LE VRAI DE LA FAUX
Hier mise au rebut, la faux retrouve des couleurs grâce aux nombreux avantages qu’offre le fauchage manuel, sur le plan écologique et économique. Les jardiniers de la ville l'ont testée. Pour mieux l’adopter ?
Non, ce n’était pas un rassemblement d’Amish ni de nostalgiques de la lampe à pétrole qu’ont observé, intrigués, des badauds sur le rond-point Charles-de-Gaulle le 14 octobre dernier. Et pourtant, en voyant ce matin-là une dizaine de jardiniers de la ville manier à tour de rôle une authentique faux pour scalper la prairie fleurie débordante de cosmos, on aurait pu s’imaginer projetés un siècle en arrière. Pas de tondeuse pétaradante et malodorante ni de débroussailleuse bruyante. Seuls les décibels de la circulation parvenaient à couvrir le son sec et étouffé de la lame d’acier tranchant les tiges des végétaux, et le bourdonnement de quelques bourdons dérangés en plein butinage.
OUTIL ANCESTRAL
La parcelle d’environ 300 m² a subi un assaut inédit par la nature de l’outil employé. Pour les jardiniers de l’équipe, c’était une première. Ils le doivent à leur collègue, Philippe Defoort. Cet élagueur s’est pris d’amour pour cet outil ancestral des paysans et les a convaincus de se prêter à l’expérience. La matinée a été consacrée à un cours pratique de découverte et de prise en main de l’engin, exercice à l’appui. « La faux avait été remplacée dans les campagnes au milieu du XXe siècle par les moissonneuses, mais on redécouvre aujourd'hui ses avantages », rappelle son ambassadeur fontenaysien. « Son emploi est 100 % économique et écologique car la faux ne consomme pas d'énergie, ne nécessite pas d'équipement de protection. Elle ne pollue pas, est écologique, silencieuse, légère, d'un maniement simple et son entretien est basique », énumère-t-il. « C’est physique, ça tire dans les bras, mais on est plus attentif à ce qu’on fait, on sent l’odeur de l’herbe coupée, l’environnement est plus calme, c’est une manière plus consciente de travailler et aussi de se reconnecter à la nature », assure Marie-Aude. Un faucheur confirmé peut couvrir en moyenne 500 m² par heure, et sans grand effort une fois le geste bien maîtrisé.

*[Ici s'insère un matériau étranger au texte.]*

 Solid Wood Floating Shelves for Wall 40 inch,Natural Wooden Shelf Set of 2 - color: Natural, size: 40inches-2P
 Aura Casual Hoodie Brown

Saviez-vous que la faux est également un grand ami de la faune et de la flore ? « Elle ne broie pas comme une tondeuse, alors les animaux ont le temps de quitter la zone où l’on intervient », abonde Mickael Maisonneuve, le chef d’équipe. Ajoutons qu’une herbe fauchée se composte mieux que des déchets de tonte compactés. Séchée, elle constitue un excellent paillage. La partie laissée au sol favorise le réensemencement des graines et sert de buffet garni aux insectes.

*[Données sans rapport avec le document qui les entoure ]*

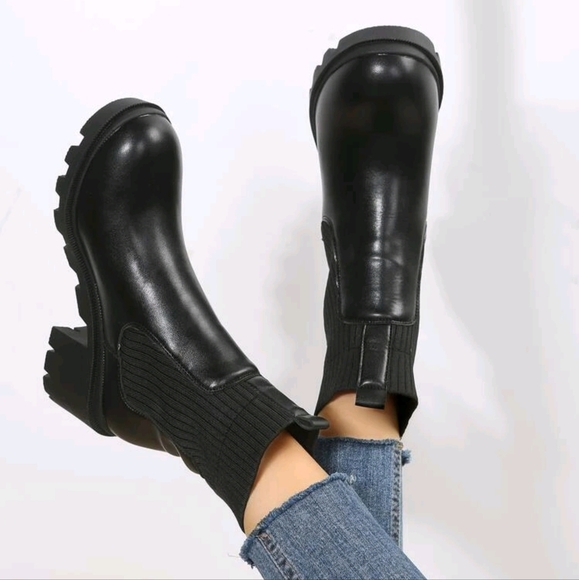 Black Chelsea Boots, Minimalist Slip-on Thick Bottom Sock Boots - Picture 2 of 6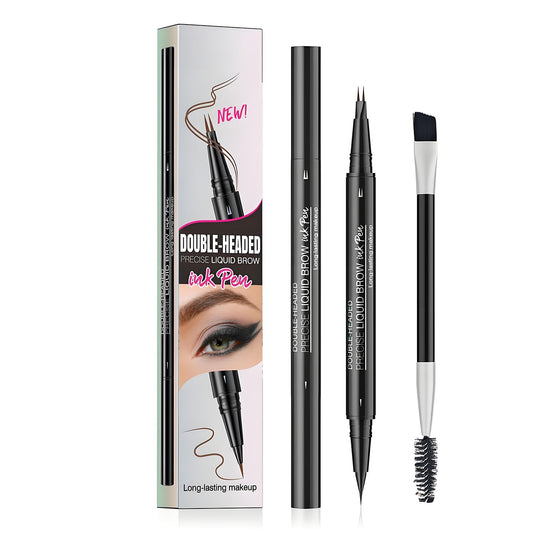 Generic Dual-Ended Brow Pen with Brow Brush, Microblading Eyebrow Pencil, Precision Tip for Natural Strokes, Waterproof, Smudge-Proof, All-Day Wear, Easy to Use for Professional Results(Dark Brown)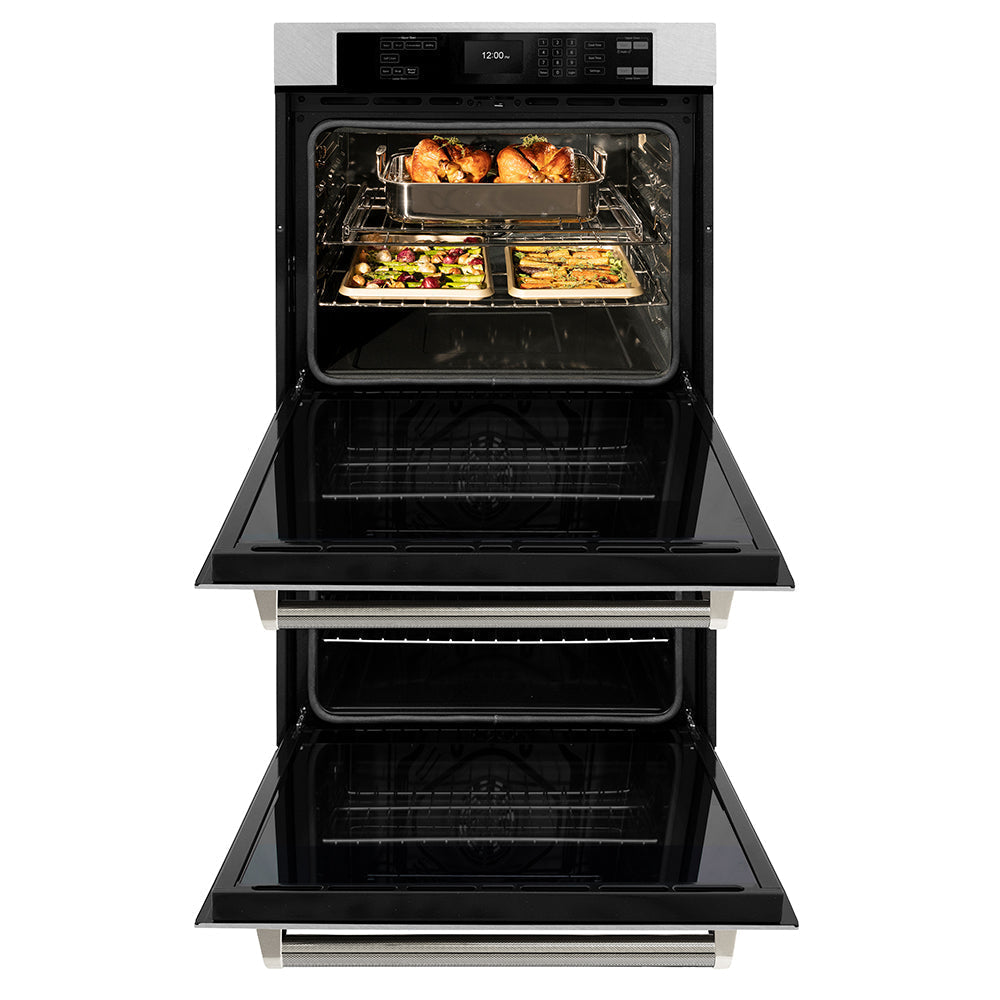 zline-autograph-30-professional-true-convection-double-wall-oven-with-air-fry-and-self-clean-in-satin-stainless-steel-with-polished-nickel-helix-handles-wadsz-30-kpn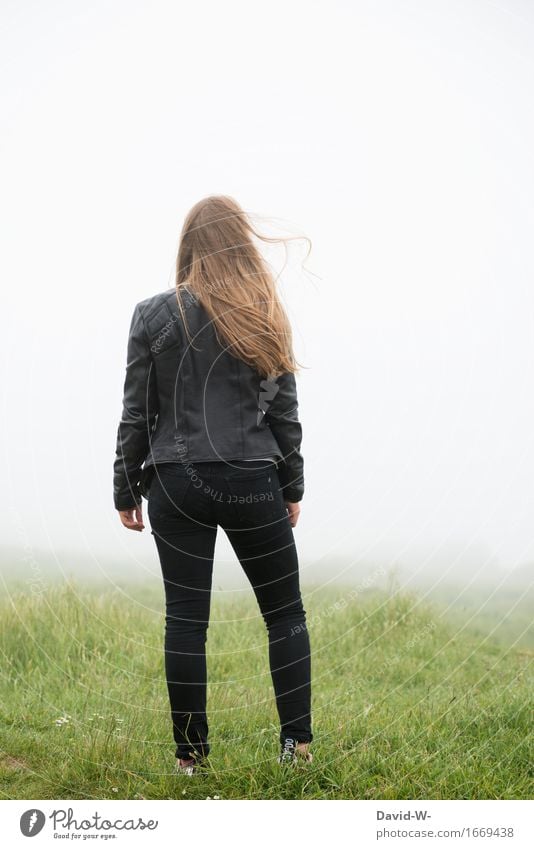 Where am I Human being Feminine Young woman Youth (Young adults) Woman Adults Life 1 Nature Fog Meadow Observe Relaxation Wind Blur Unclear Shroud of fog Forget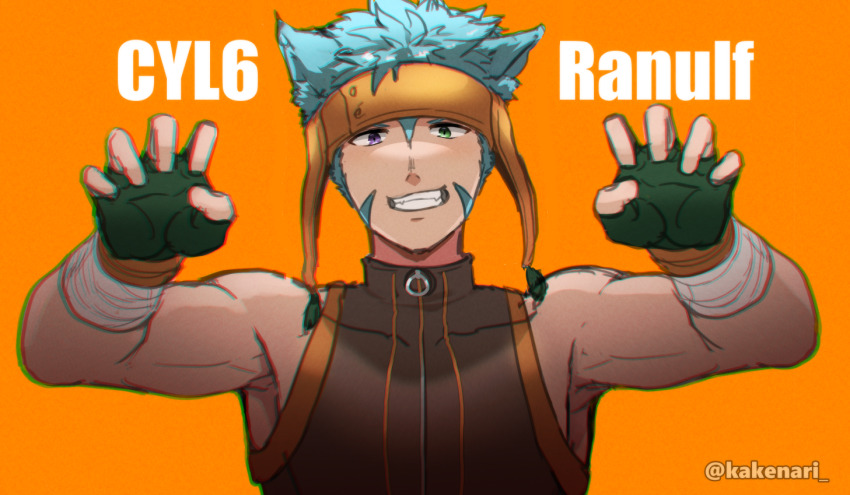 1boy animal_ears blue_hair cat_boy cat_ears claw_pose commentary_request fingerless_gloves fire_emblem fire_emblem:_path_of_radiance fire_emblem:_radiant_dawn fire_emblem_heroes gloves green_eyes heterochromia kakenari male_focus nintendo orange_background purple_eyes short_hair sleeveless solo teeth twitter_username upper_body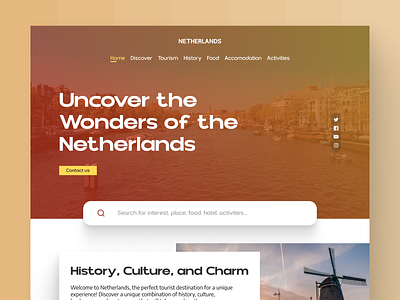 Netherlands - Design concept for tourism website concept country design web figma netherlands tourism ui ux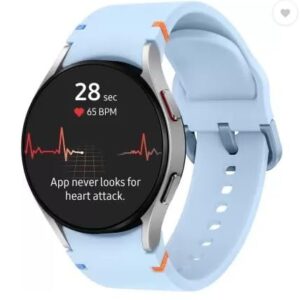 Samsung Galaxy Watch FE, 40mm BT, Sapphire Crystal Display, Sleep Coach, Fall Detection (Silver Strap, Small)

« On ne peut pas généraliser son emploi, mais par exemple, pour gérer les prairies fleuries de plus en plus nombreuses à Fontenay, faire de l’engrais vert, débroussailler un périmètre laissé en friche, entretenir un petit pré, créer des chemins d’accès, la faux complèterait avantageusement les moyens mécanisés », soutient Philippe Defoort. Il assure qu’elle ferait merveille dans la gestion différenciée de l’écoparc des Carrières, sur le talus abrupt des grands chemins ou sur le talus Joffre. En tout cas, son utilisation s’inscrit pleinement dans la stratégie pour la biodiversité que la ville met en œuvre pour l’entretien et la gestion des espaces publics, respectueuse des espèces, des habitats et donc des milieux. L’instrument a toute sa place aux côtés d’autres bonnes pratiques en vigueur telles que le fauchage tardif des espaces verts, la plantation de haies sèches où se réfugient les oiseaux, les zones de compost, le bêchage à la grelinette qui préserve les micro-organismes dans la terre, le choix de plantes moins gourmandes en eau ou le paillage généralisé des massifs. La réflexion est en cours.